Postby ToddFiske on Thu Aug 22, 2013 7:09 pm

You need to look at an ASCII chart, and learn a little bit more about hexadecimal and other numbering systems. You might also do well to find a binary editor or file viewer to look at your files with.

2D is the hex representation of the ASCII value for a hyphen, 45 in decimal.

I have seen the code in Sublime referred to as binary, but it clearly isn't binary. It looks like hex, but then there are no "0x" characters in there.


"Binary" is often used in a general way to mean anything that isn't text. However everything on a computer is represented in binary at some point, even text. Everything is represented in memory as 0 and 1 (or -5 and +5 volts). Hex is commonly used to show binary data since it would be extremely cumbersome to actually show everything in base 2 (eg, 2D vs 00101101).

The leading 0x characters are only necessary when writing hexadecimal values in a programming language or other places to distinguish them from text or numbers in other bases. 0x2D and 2d mean the same thing in this case. The "binary" view of a file in SublimeText shows the contents as hexadecimal words (16-bit values). Adding all of the "0x" characters would just be noise so this is left off in these types of displays.

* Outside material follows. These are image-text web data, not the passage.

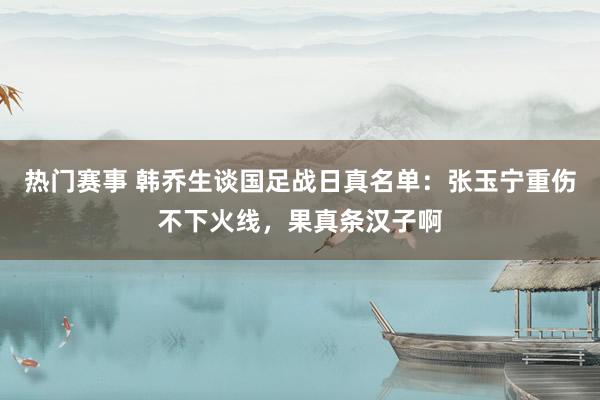 热门赛事 韩乔生谈国足战日真名单：张玉宁重伤不下火线，果真条汉子啊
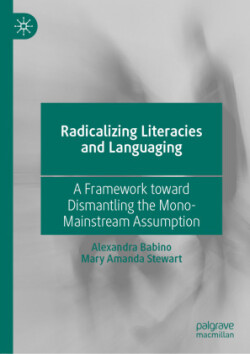 Radicalizing  Literacies and Languaging A Framework toward Dismantling the Mono-Mainstream Assumption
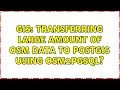 GIS Transferring large amount of OSM data to PostGIS using osm2pgsql 2 Solutions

About these two files, I looked at them in a file comparison program (BeyondCompare from Scooter Software) and saw that the corrupted version ends with a line feed (0x0A) and 9 hyphens. Something in your process is appending these bytes. Do you print "\n---------" anywhere in your code? Your two files are 10180 and 10190 bytes for the non-corrupted and corrupted versions respectively. You may be seeing different amounts on different files because something is padding them up to a multiple of the file's size. Look at different sized input files and compare the amounts of hyphens that show up and see if you find any pattern.

What kind of API is it, and what programming language are you using?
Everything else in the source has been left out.